◆ **Task requirements**:
What is needed is an exact copy of every line from the one with "beyaz arka plan ayakta güzel kadın" to the end of the entries below, without the pictures.

════

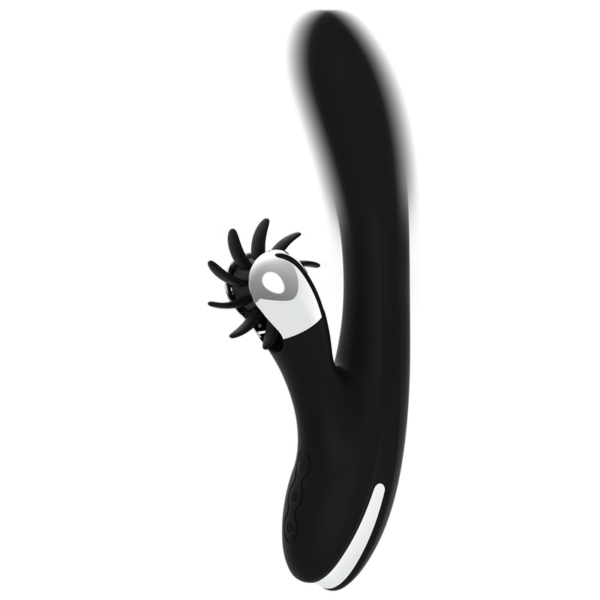 Black & Silver Bunny Johnny — Rabbit Vibrator, Rechargeable — G-Spot Vibrators — view 6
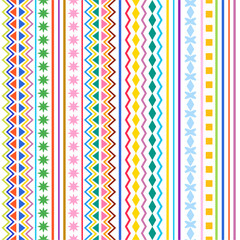 Seamless ornament. Colorful pattern of traditional national patterns. Background for textiles, textures, prints, wallpapers, clothes and interior, An idea for creative design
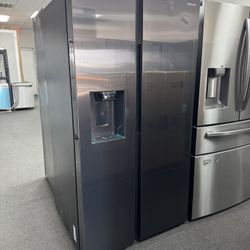 Refrigerator Black Steel 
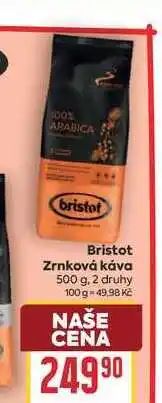 Billa Bristot Zrnková káva nabídka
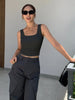 Clara | Lässiges Criss-Cross Crop Tanktop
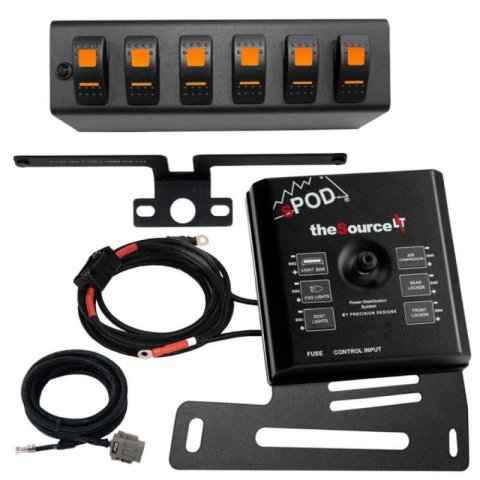 sPOD 07-08 Jeep Wrangler JK SourceLT w/Amber LED Switch Panel thumbnail 1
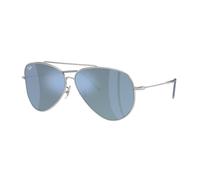 Ray - Ban RBR0101S AVIATOR REVERSE 003/GA Unisex Sunglasses Metal Silver Blue Pilot Normal Mirror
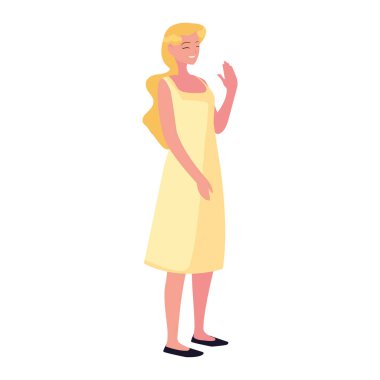 beyaz arka plan ayakta güzel kadın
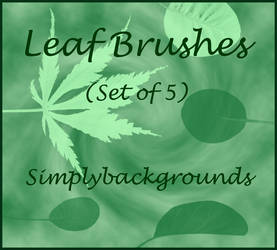 Leaf Brushes Set 1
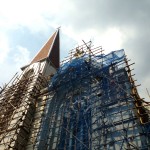 Cathedral under construction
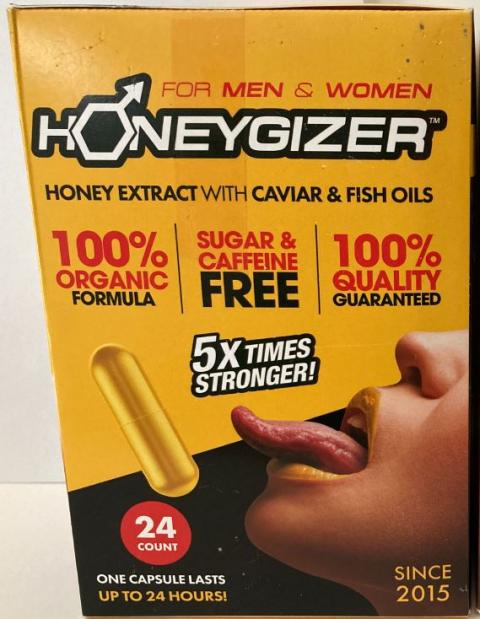 Honeygizer Male Enhancement Honey With Caviar & Fish Oils Natural Stamina & Energy Booster for Men Herbal Performance Support 1 Sachet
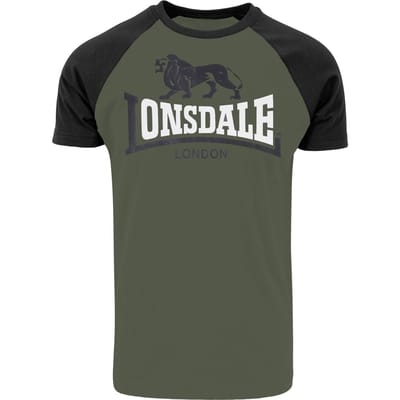 Lonsdale London T-shirt - Magilligan - M tot 3XL - voor Mannen - olijf-zwart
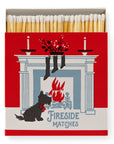 Scotty Dog Fireside | Square - Christmas Safety Matches 🎄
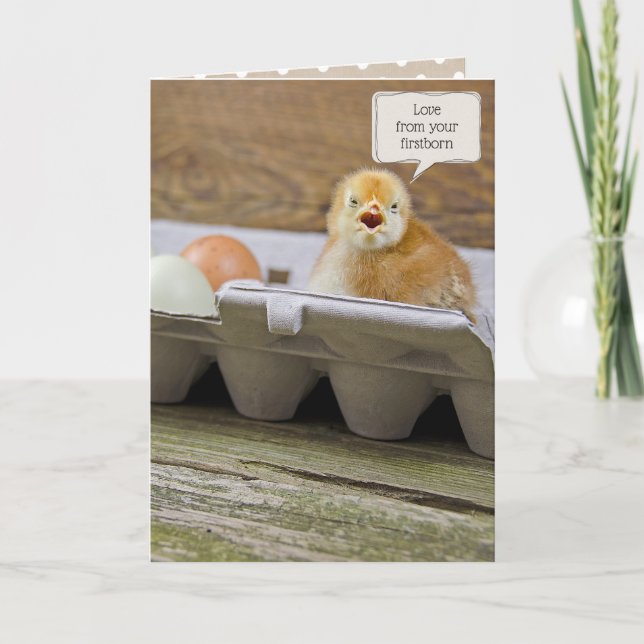 Carte Poulet de fête de nom (Devant)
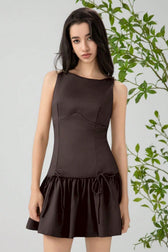 Bow Detail Sleeveless Mini Dress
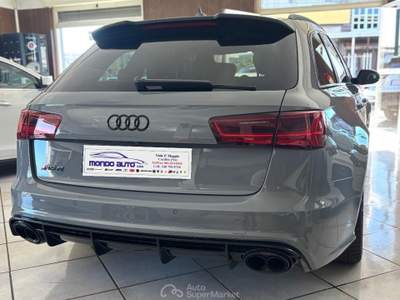 Audi A6 RS6 Avant 4.0 TFSI quattro tiptronic performance Grigio usata Cardito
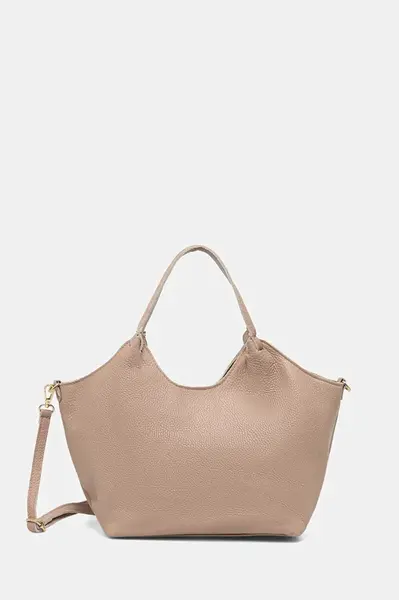 Kožená kabelka Answear.LAB růžová barva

════

◆ **Task answer**:
 beyaz arka plan ayakta güzel kadın
 Leaf Brushes Set 1
 Cathedral under construction
 Honeygizer Male Enhancement Honey With Caviar & Fish Oils Natural Stamina & Energy Booster for Men Herbal Performance Support 1 Sachet
 Lonsdale London T-shirt - Magilligan - M tot 3XL - voor Mannen - olijf-zwart
 Scotty Dog Fireside | Square - Christmas Safety Matches 🎄
 Carte Poulet de fête de nom (Devant)
 Bow Detail Sleeveless Mini Dress
 Audi A6 RS6 Avant 4.0 TFSI quattro tiptronic performance Grigio usata Cardito
 Kožená kabelka Answear.LAB růžová barva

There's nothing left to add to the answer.